Embedding IronRuby and the DLR into SQL Data Generator

You can embed DLR-based languages such as IronPython and IronRuby into applications. This gives you instant scripting, and with it, the potential for greatly simplifying the development process. You can even take advantage of existing applications that have a plug-in architecture, such as SQL Data Generator and NET Reflector. Be Hall takes SQL Data Generator and shows how this technique allows you to create simple generators specifically for your needs.

Embedding IronRuby and the DLR into SQL Data Generator

SQL Data Generator is already a very versatile application for developing databases. With a few clicks you can populate your database with realistic data. However, there is one problem – it is static.  The built-in generators do an amazing job, the SQL Statement generator, for example, will execute a SQL statement and use the results in the generation process. Yet, if you want to build a more complex structure and have more control over the data that you are generating, then you will have to write our own generator. Up to now, writing a plug-in generator meant doing a separate development that used a compiled .NET language in Visual Studio. Now, there is a neater way of doing this. Microsoft have released the Dynamic Language Runtime (DLR) which allows you to use dynamic languages together with the .Net platform. Part of this work includes Microsoft building implementations of dynamic languages including Python, known as IronPython, and Ruby, known as IronRuby. The result is that you can write Python or Ruby code while taking advantage of existing C# applications and the entire .Net framework.

This opens up an interesting opportunity for SQL Data Generator. By embedding a dynamic language into the application, we can give the users more control over the type of data that they want to generate. Users can now dynamically generate the type of data they wish based on their own requirements. They can still take advantage of the existing generators, but when required, they can write Ruby code in order to produce exactly the data they require.

In this article, I will discuss how to create a custom generator and how embedding the DLR and IronRuby language can open up new functionality. The compiled assembly and source code are attached to this article. Feel free to use the generator within your own projects and let us know what you think.
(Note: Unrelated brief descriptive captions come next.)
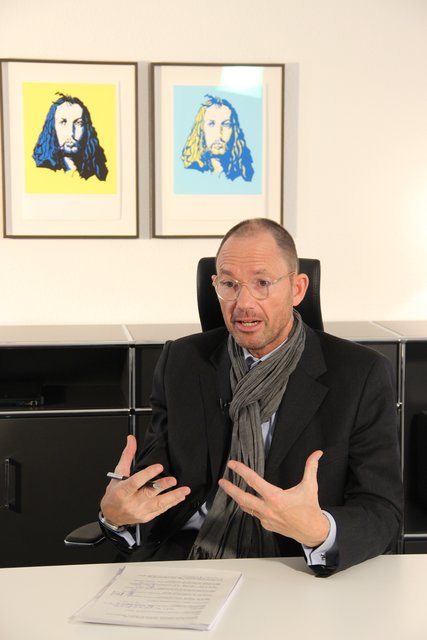 Ich lese MarktSpiegel, weil lebendig über unsere Metropolregion berichtet wird und grundsätzlich eine positiv-optimistische Berichterstattung dominiert - im MarktSpiegel ist das Glas mindestens halb voll. Prof. Dr. Klaus L. Wübbenhors, Nürnberg | Foto: oh/privat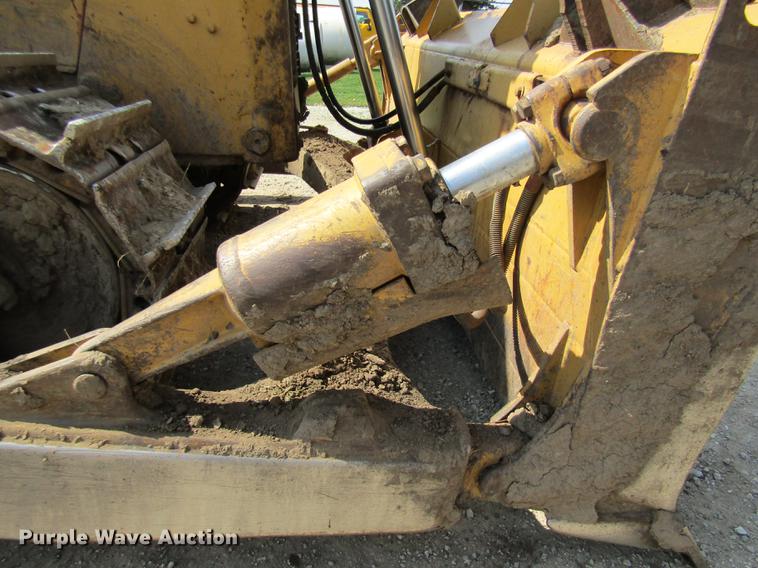 image for item DE5852 1985 Caterpillar D6H dozer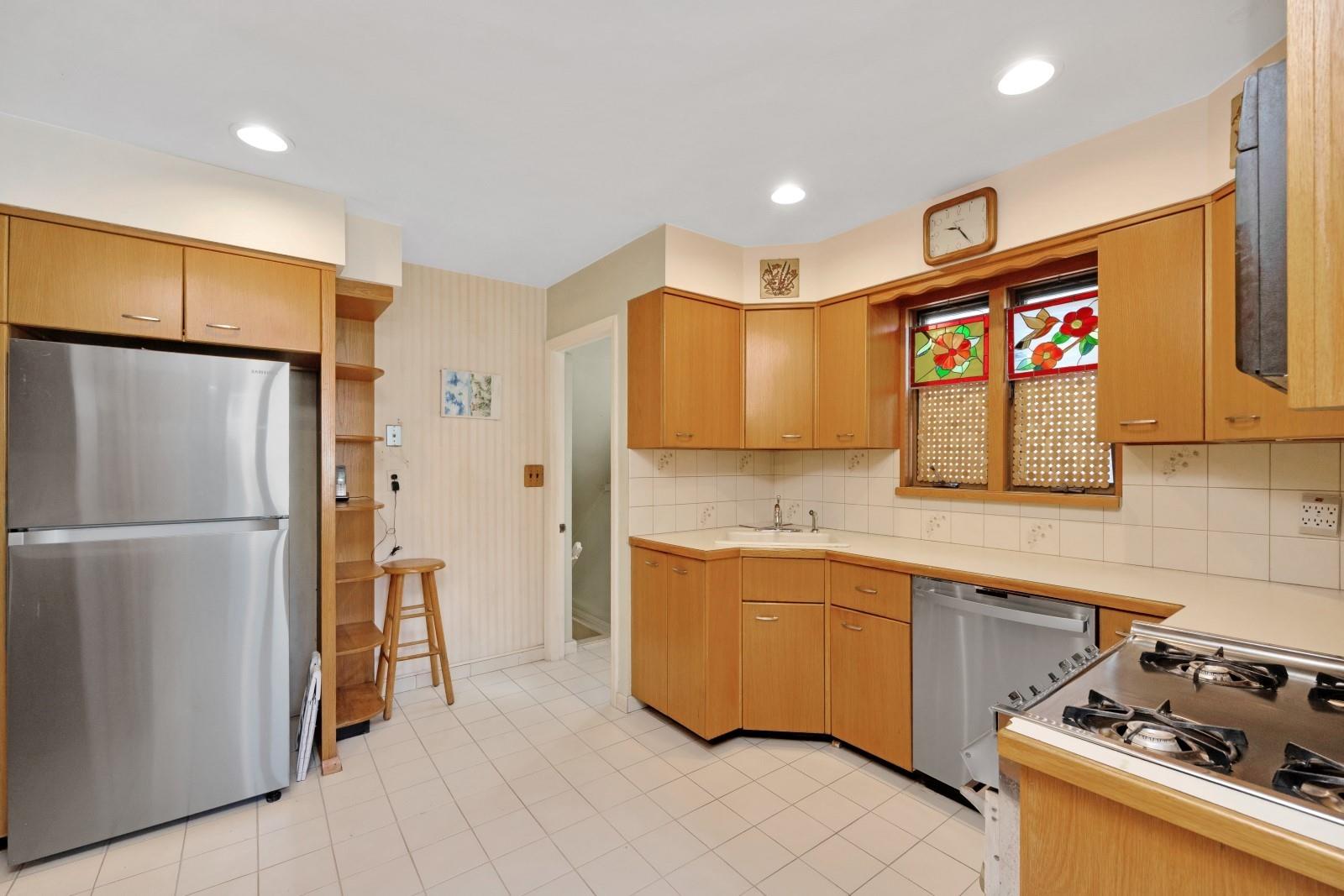 98 Chestnut Avenue, Floral Park, New York image 13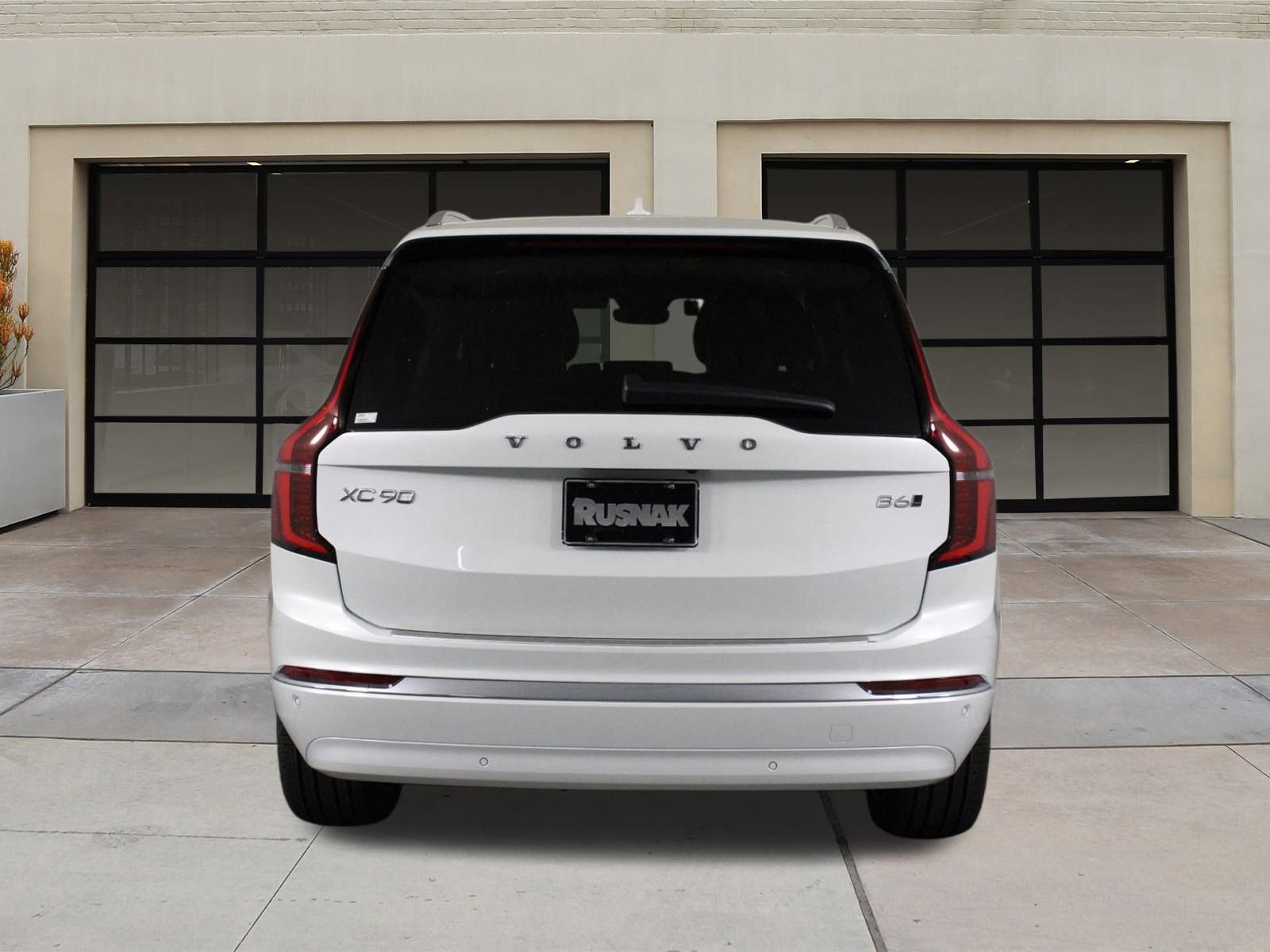 New 2025 Volvo XC90 B6 Plus w/ Protection Package Premier image 4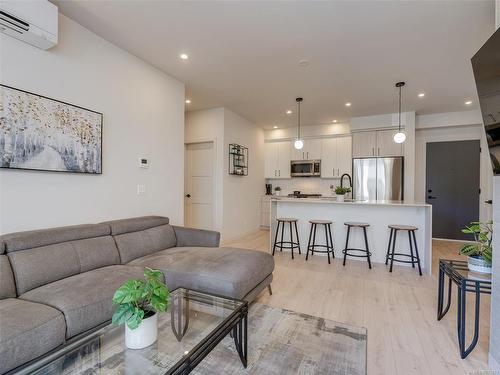 406-958 Pharoah Mews, Langford, BC - Indoor Photo Showing Living Room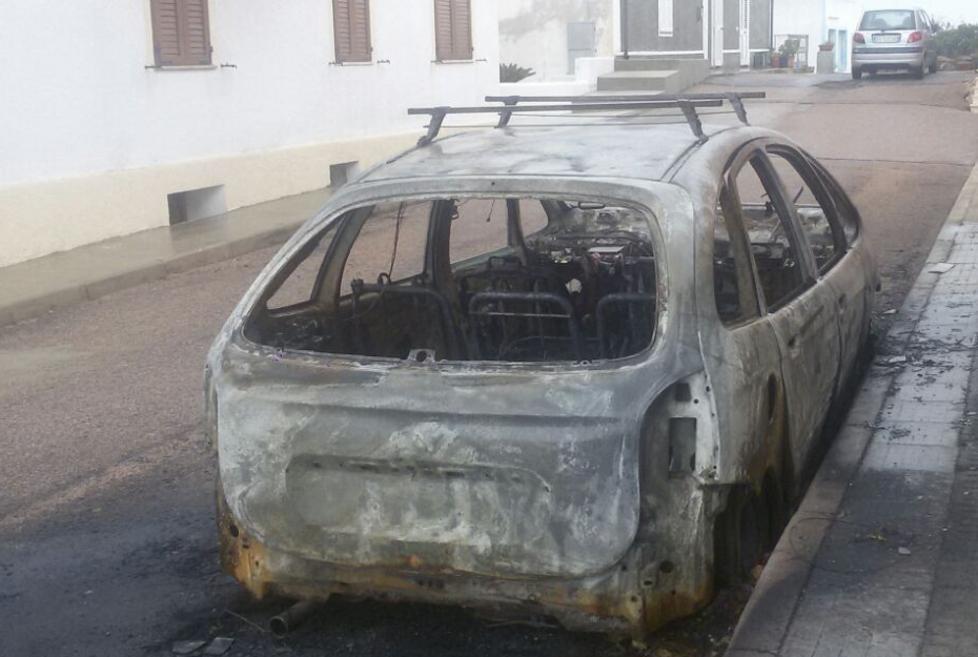 Atto intimidatorio: incendiari ripresi dalle telecamere? 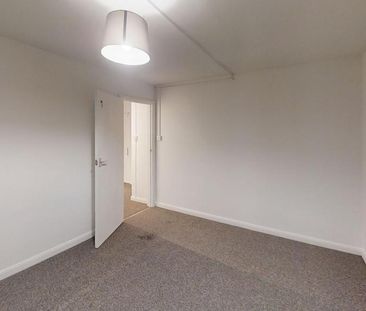 2 bedroom maisonette to rent - Photo 4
Creating the plug-in  Generator

The first task is to create the basic plug-in generator. These generators are simple to create and there are several examples that are already available on http://www.codeplex.com/SDGGenerators . First, we need a standard class library – in this case C#.  Creating a  generator in C#  is described in an article on our support pages.

Embedding the DLR Engine

With the basic plug-in generator in place, we can then start the fun task of embedding the DLR into the plug-in generator, and thereby into the SQL Data Generator application itself.  The DLR has a hosting API that is designed to allow languages to be embedded into C# applications. By making use of this, it is extremely simple to embed DLR-based languages into plug-in generators. The first task is to reference the DLR and IronRuby. The assemblies can be downloaded from www.codeplex.com/IronRuby. The first two assemblies are the IronRuby language implementation, while the second two is the DLR itself.

  • IronRuby.dll
    IronRuby.Libraries.dll
    Microsoft.Scripting.dll
    Microsoft.Scripting.Core.dll

In our constructor for the generator, we can now ask IronRuby to create us our DLR ScriptEngine.

The script engine has a number of responsibilities, one of which is to maintain different levels of scope which hold variables and method declarations. The other is to execute the actual code.

Defining Scope

Once we have access to the language engine, we can create our scope. This allows us to create variables to store values or create new methods to use, so as to start writing code as you would in a normal application. Within the application, we could have different scopes based on different parts of the application. In the case of SQL Data Generator, we will just have a single scope.  As with the engine, creating the scope is simple – we call the method CreateScope on the engine.

Executing IronRuby code

Once we have created our scope, we can execute our code. Before we can execute code using the DLR, we need to create a ScriptSource object. This is responsible for the actual execution. In a similar fashion to our Scope object, the engine is responsible for the creation of the ScriptSource based on a string containing the code we wish to execute. Along with the code, we need to tell the engine what type of code we want to execute.

The DLR handles a number of dynamic languages, each with different ways to execute code. It can, for example, execute code as part of an interactive session, from a file or a standalone statement. From my experience, the most common way is by the Statements option.  If you’re not sure how the dynamic language is executing code, then there is an AutoDetect property to allow the Engine to determine the type. In this example, we will be executing statements.

Once we have created our ScriptSource object we can call our Execute method. As an argument, we provide the appropriate Scope object to use during execution.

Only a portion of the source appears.